How One Toronto Artist is Critiquing Putin’s Reign

Pari Nadimi Gallery, Toronto, February 9 to March 25, 2017
Flea market items in Felix Kalmenson's <em>Kak Vsegda/As Always</em> (2017) gesture towards Putin's hypermasculine imagery and ideals, as well as notable Russian scandals. Image courtesy of Pari Nadimi Gallery. Flea market items in Felix Kalmenson's Kak Vsegda/As Always (2017) gesture towards Putin's hypermasculine imagery and ideals, as well as notable Russian scandals. Image courtesy of Pari Nadimi Gallery.

Toronto artist Felix Kalmenson—born in St. Petersburg in 1987—does not shy away from targeting the manipulative and authoritative reign of Vladimir Putin in Russia.
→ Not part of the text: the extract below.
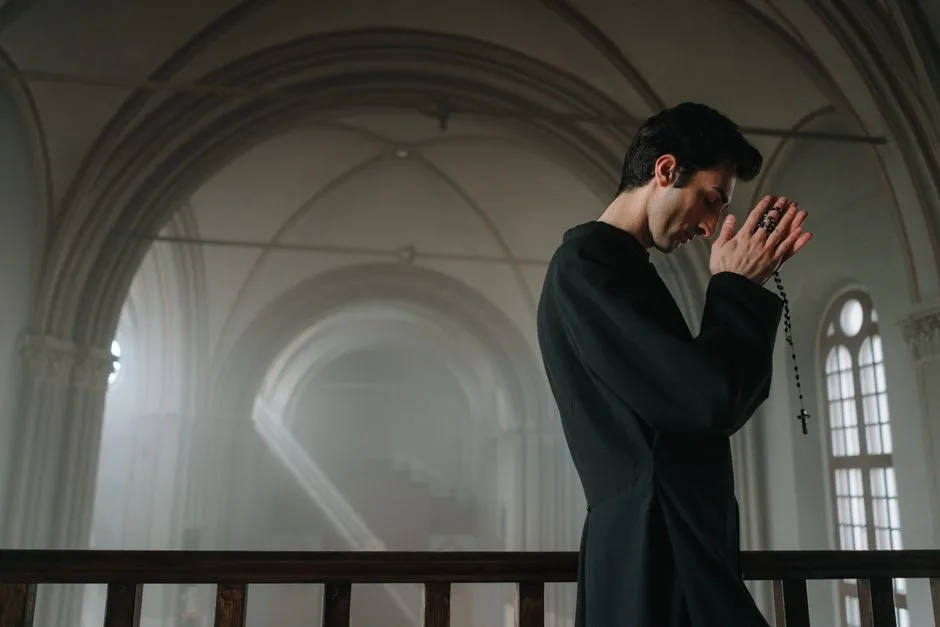 Side view of a priest praying with a rosary in a historic church setting.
His current exhibition “Kak Vsegda/As Always,” on until March 25 at Pari Nadimi Gallery in Toronto, is a refreshingly critical show that exemplifies how contemporary art can act as poignant political dissent.

In terms of its general strategy, Kalmenson’s “Kak Vsegda/As Always” implores the viewer to recognize how governing bodies erase, manipulate and otherwise re-write history to their benefit. The artwork here critiques the veracity of images, memory and facts during past and present eras.
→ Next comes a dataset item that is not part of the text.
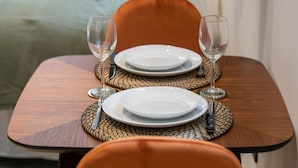 A dining table set with two plates, two wine glasses, and cutlery on woven placemats. - The O1 - room 1 - Opera - 26m² (Lyon)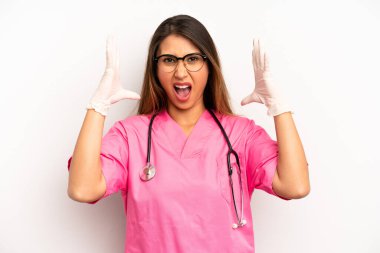 asian young woman screaming with hands up in the air. veterinarian student concept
At the same time, Kalmenson’s exhibition is aimed towards those who are tired of “one-liner” art; the exhibition demands longer consideration if viewers are to appreciate the research that resulted from the artist’s recent month-long residency at the National Centre for Contemporary Arts in St. Petersburg.

That recent residency marked the first time Kalmenson had returned to his Russian birthplace in 27 years. And the title of the show, “Kak Vsegda/As Always,” refers to the disappointed lamentation many Russians utter as various political and social conditions remain essentially unchanged.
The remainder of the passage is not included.